The reason Scott Walker won in WI is because conservative policies WORK  Walker almost completely wiped out a crushing debt and guess what, the state and taxpayers are better for it!  We are seeing the same thing in other states with conservative governors like VA and Ohio.  In the meantime, states like CA run by uncpromising self-serving leftists are already over the cliff, and everyone is losing, from the taxpayers to the students of the CA educational system.

If there is one thing in this country that is NOT partisan it's taxpayers' dimes.  I actually think if Romney campaigned in CA merely on public pension reform, he would actually turn the big blue state red again, something that hasn't happened since Bush I.  IF you want proof, just look at the recent elections in San Diego and San Jose, hardly "conservative" wins.

Another thing that is not partisan is sincere goverment help for those truly in need.  But enough is enough.  Obama has DOUBLED the goverment, and tripiled the waste.  When we start seeing food stamps being sold on Craigs list and Welfare debit cards being used to pay for everything from stippers to Carribean Cruise Vacations, we know that entitlement and abuse has gone too far.

Heck, our own president jsts in his barber from Chicago every two weeks, his pizza chef,  and thinks nothing of using our hard earned tax money to use two planes and two secret service crews for his own lavish family vacations.  How can we expect a country to not indulge when our celebrity in chief, in between his 100 rounds of golf, taxpaper record breaking campaiging, and dinners with the "one percent"  shows us the way? 

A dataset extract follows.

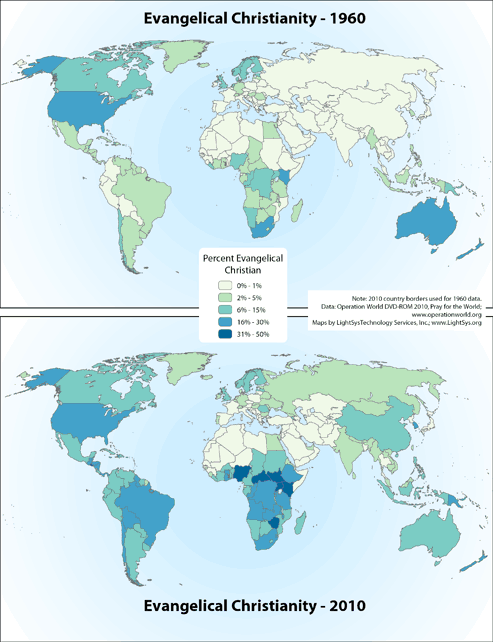 Percent Evangelical 1960 and 2010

Private Sector creates jobs, period.  But that's more and more difficult under an administration that continues to stymy everything from small business (responsible for 75% of new jobs) to oil and gas jobs that are a "no go" all due to excessive politicial serving regulations. 

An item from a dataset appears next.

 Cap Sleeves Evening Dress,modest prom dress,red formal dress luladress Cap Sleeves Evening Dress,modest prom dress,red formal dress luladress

Our educaiton system is an overpriced cesspool.  From our "5 star overpriced" colleges (thanks to easy unaccountable money via government subsides), to our "indoctrination" high schools (the latest being Planned Parenthood imposed in the LA School District), our best hope for our public educated kids are sex videos and a reality show. 

I could write volumes on taxpayer wasted money, from Solyndra to lavish government employess taking million dollar "vacation" meetings on our dime.  Again, no reasonable person would object to helping the truly needy, but that's no longer what this nation represents.  If we don't vote out Obama this election, we are more than likely doomed to a nation of dependent entitlement, that punishes hard work and success and rewards laziness and corruption. 

As Catholics, we more than any have an obligation to move this country into a direction of agape love, which is self sufficieny, personal success, and religous freedom, now less than a generation away from extinction.  The number one job of government is to protect us, and I'm not talking about salt and Big Gulp 7-11 sodas; I'm talking about are own worst self, which is deep within all of us when nanny goverment cons us into false security, or punishes success to the extent that there is no alternative than to "line up and shut up."

Even if you are or were an Obama supportor, and even if you buy into the cry baby "blame Bush" scenario, only a non objective person could fail to admit, that by Obama's own admisstion, he is unable to help us out of the "big ditch."

By choice or inexperience, Obamanomics not only isn't working, but is unsustainable.  To quote Margaret Thatcher, "sooner of later the people paying run out of money."